By Vinay Rao
The recently concluded Hyderabad Cricket Association One-Day Knockout Championship didn’t whisper its message—it thundered it. On pitches where pressure separated pretenders from performers, the tournament laid bare a truth Hyderabad cricket has long tried to dodge: merit is thriving in the leagues, but suffocating at the state level.
At a time when the Hyderabad senior side looks short on balance, power, and match-winners—particularly in white-ball cricket—the knockout championship showcased exactly what the state team is missing. And at the heart of it all stood one name: Rishiket Sisodia.
The Big Matches That Left No Room for Excuses
FINAL
Deccan Wanderers vs Cambridge
- Cambridge: 130 all out
Rishiket Sisodia: 3 wickets - Deccan Wanderers: 134/1 in 9.2 overs
Rishiket Sisodia: 115 (42 balls, 11 fours, 10 sixes)
A final in name only. Rishiket first ripped through Cambridge with the ball and then obliterated the chase almost single-handedly, sealing the title in under ten overs. Few finals in recent memory have been this one-sided—or this emphatic.
SEMIFINAL
Deccan Wanderers vs Sporting XI
- Sporting XI: 282 all out
Jasmeet: 152 (98 balls, 13 fours, 10 sixes)
Shaikh Sohail: 53 (69)
Tejavath Harish: 3 wickets
Ashish Srivastava: 2 wickets - Deccan Wanderers: 283/2 in 38.4 overs
Rishiket Sisodia: 161 (89 balls, 15 fours, 11 sixes)
Nitish Reddy: 52 (66)

This was knockout cricket at its fiercest. A high-pressure chase of 283, and Rishiket responded with a 161 of brutal clarity, while Jasmeet’s 152 earlier had already raised the bar. These were not cosmetic hundreds—these were innings forged under elimination pressure.
OTHER SEMIFINAL
EMCC vs Cambridge
- EMCC: 290/7
C.P. Venkatesh: 126 (122)
Rohit Reddy: 55 (69) - Cambridge: 293/1 in 44.1 overs
N. Rakesh: 116* (125)
Shashank Lokesh: 103 (90)
Dheeraj Goud: 62 (51)
Run-fests, yes—but also proof of the batting depth thriving outside the state setup.

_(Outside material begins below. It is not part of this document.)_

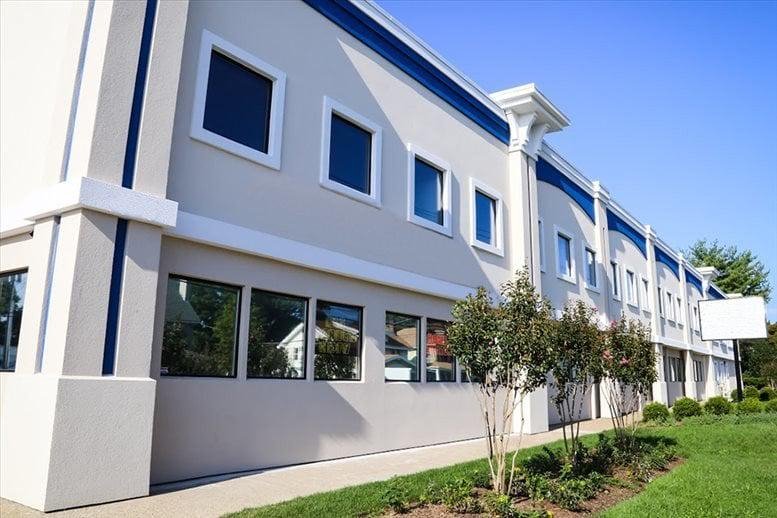 Exterior view of the white and blue facade of the building at 1125 West Street, Suite 200.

Rishiket Sisodia: Impact Too Loud to Ignore
Rishiket didn’t just score runs—he dictated outcomes. Batting through the tournament at a strike rate well north of 200, he combined explosive power with control, backed by effective leg-spin and sharp fielding.
And yet, his Hyderabad journey remains a case study in inconsistency. Picked for one Syed Mushtaq Ali Trophy game against Chandigarh, then promptly dropped—no run, no rope, no trust.
Selection without continuity is not opportunity. It is tokenism.
Jasmeet: Brilliance Without Security
Jasmeet’s story mirrors the same dysfunction. Strong league performances. A match-defining 152 in a knockout semifinal. Selection—and then silence.

A hundred under knockout pressure should cement a place, not leave a career hanging in administrative limbo.
Ashish Srivastava: The Leg-Spinner Hyderabad Refuses to Back
Ashish Srivastava has been one of Hyderabad’s most consistent leg-spinners across leagues for years. Results follow him. So do wickets.
Yet, during the Buchi Babu Tournament, played on rank turners tailor-made for leg-spin, Ashish did not get a single game. Soon after, he was dropped from the Ranji squad—without any visible cricketing justification.
The uncomfortable question must be asked:
Does Hyderabad believe only left-arm spin can win matches?
If so, it reflects a dangerous lack of balance and imagination, especially in Indian conditions where quality leg-spin has historically turned games—and careers.
The Bigger Malaise: Domicile and Age as Convenient Weapons
Beyond individual injustices lies a systemic rot. Domicile and age-verification rules appear to be enforced selectively—resurrected when convenient, buried when not.
In recent years, multiple players have faced bans, only to receive court relief due to:
- Procedural lapses,
- Absence of due process, or
- HCA’s failure to defend its own decisions.
This revolving door of uncertainty destroys careers and credibility alike.
What Must Change—Now
- Transparent, time-bound verification before naming probables.
- Clear documentation with finality once cleared.
- No reopening of settled cases as tools of exclusion.
- Protection for players from arbitrary targeting and harassment.
Let the Scorecards Speak
Rishiket Sisodia. Jasmeet. Ashish Srivastava.
They have delivered under pressure, across seasons, and in knockout cricket—the purest examination of temperament.
If Hyderabad cricket is serious about reclaiming relevance and respect, selection must follow performance—not politics, convenience, or bias.
The knockout tournament has already passed judgment.
The only question now is whether those in charge are listening—or still looking the other way.